RECORDS SHOWN:
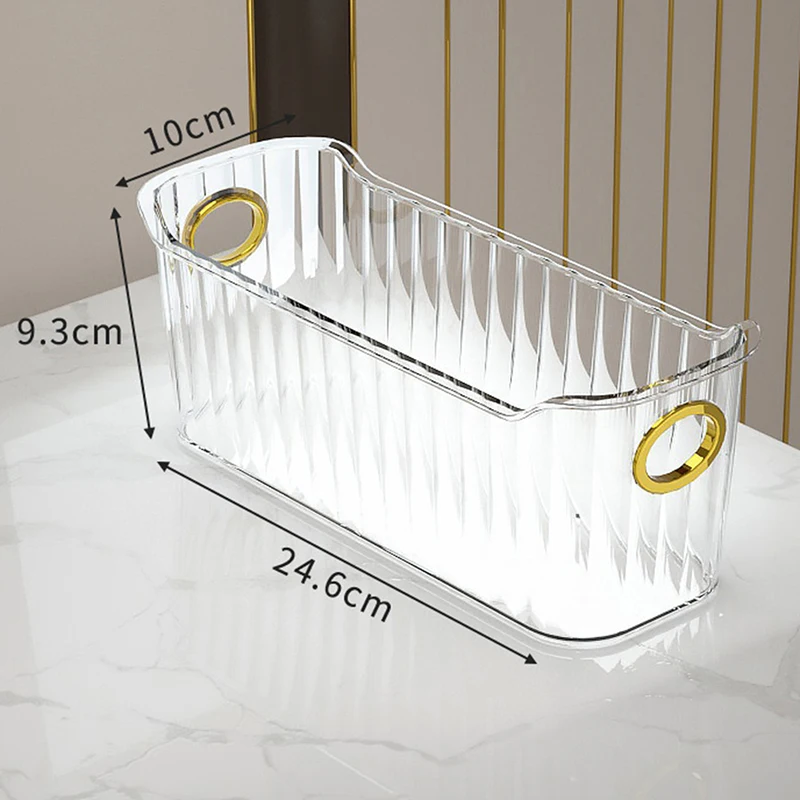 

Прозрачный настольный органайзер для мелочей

==

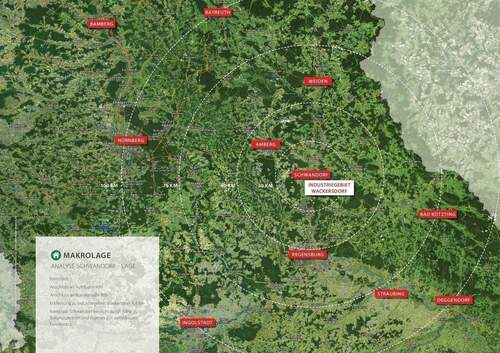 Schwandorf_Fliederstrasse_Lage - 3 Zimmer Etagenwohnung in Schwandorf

...

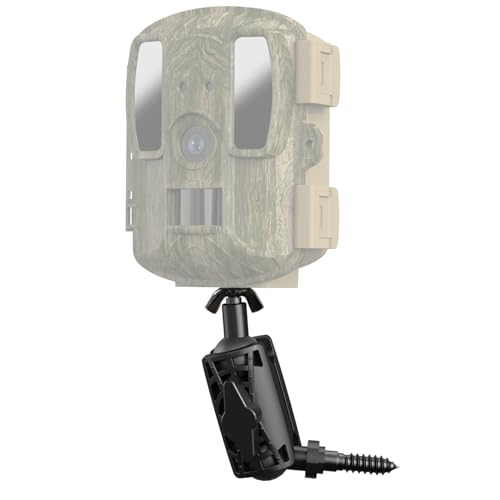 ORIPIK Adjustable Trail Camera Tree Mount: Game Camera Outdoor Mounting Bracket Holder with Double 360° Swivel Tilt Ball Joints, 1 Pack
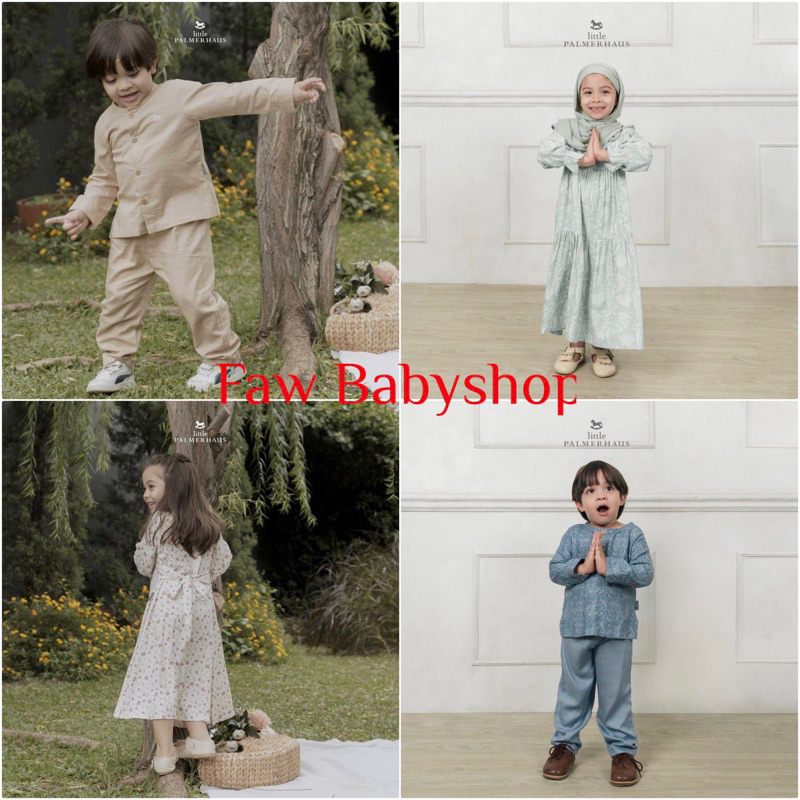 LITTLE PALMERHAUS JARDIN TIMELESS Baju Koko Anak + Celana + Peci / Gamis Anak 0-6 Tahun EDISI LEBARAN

EXERCISE DESCRIPTION: What's needed is an exact copy of the lines above from the one with "ORIPIK Adjustable Trail" through the one with "LITTLE PALMERHAUS JARDIN", both included; the pictures stay out.

TASK RESULT:
 ORIPIK Adjustable Trail Camera Tree Mount: Game Camera Outdoor Mounting Bracket Holder with Double 360° Swivel Tilt Ball Joints, 1 Pack
 LITTLE PALMERHAUS JARDIN TIMELESS Baju Koko Anak + Celana + Peci / Gamis Anak 0-6 Tahun EDISI LEBARAN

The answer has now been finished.